Fairyland is an interesting drama about queer fatherhood in ‘70s and ‘80s San Francisco that works because of Emilia Jones and Scoot McNairy.


As recent decisions in the US Supreme Court prove, there has always been a struggle for LGBTQ+ equal rights. Therefore, it feels fitting that photographer-turned-filmmaker Andrew Durham’s Fairyland, a drama set in San Francisco’s queer community in the 1970s and 1980s, is here at Sundance London this week. Based on Alysia Abbott’s 2013 book ‘Fairyland: A Memoir of My Father’, it is the latest project from the Coppola family’s production company American Zoetrope, with Sofia Coppola producing. She was going to co-write the script at one point with Durham. Instead, she allowed him full reign on a drama encompassing the AIDS epidemic and queer fatherhood.

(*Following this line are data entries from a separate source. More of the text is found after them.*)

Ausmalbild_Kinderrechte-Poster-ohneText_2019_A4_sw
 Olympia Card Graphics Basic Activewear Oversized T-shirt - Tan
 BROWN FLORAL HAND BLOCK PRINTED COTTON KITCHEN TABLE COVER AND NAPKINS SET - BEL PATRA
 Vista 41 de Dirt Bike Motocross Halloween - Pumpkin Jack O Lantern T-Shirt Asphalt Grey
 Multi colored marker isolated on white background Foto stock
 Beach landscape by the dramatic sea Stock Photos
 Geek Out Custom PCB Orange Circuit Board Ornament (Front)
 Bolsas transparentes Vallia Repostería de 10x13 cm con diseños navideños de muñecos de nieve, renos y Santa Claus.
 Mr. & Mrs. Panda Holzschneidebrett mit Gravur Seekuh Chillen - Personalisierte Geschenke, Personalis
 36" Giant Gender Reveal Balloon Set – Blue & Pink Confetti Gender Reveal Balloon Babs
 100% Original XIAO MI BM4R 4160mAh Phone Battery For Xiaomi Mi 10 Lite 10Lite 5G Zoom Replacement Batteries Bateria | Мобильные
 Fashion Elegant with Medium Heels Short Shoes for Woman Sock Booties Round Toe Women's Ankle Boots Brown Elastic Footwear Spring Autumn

We start in 1974 when five-year-old Alysia (Nessa Dougherty) overhears the news that her mother has died in a car accident. Later, she relocates with her bisexual, Bohemian father Steve (Scoot McNairy) to San Francisco, to the disapproval of Steve’s more traditional mother-in-law Munca (Geena Davis). There, they move into a shared living space (Steve insists it’s not a commune) and meet a colourful group of roommates. They include Paulette (Maria Bakalova), the genderqueer Johnny (Ryan Thurston) and the guitar-strumming couch surfer Eddie Body (Cody Fern). Alysia and Steve both take a shine to him, though it isn’t long before Eddie’s secret life – and wife – in Jackson is revealed.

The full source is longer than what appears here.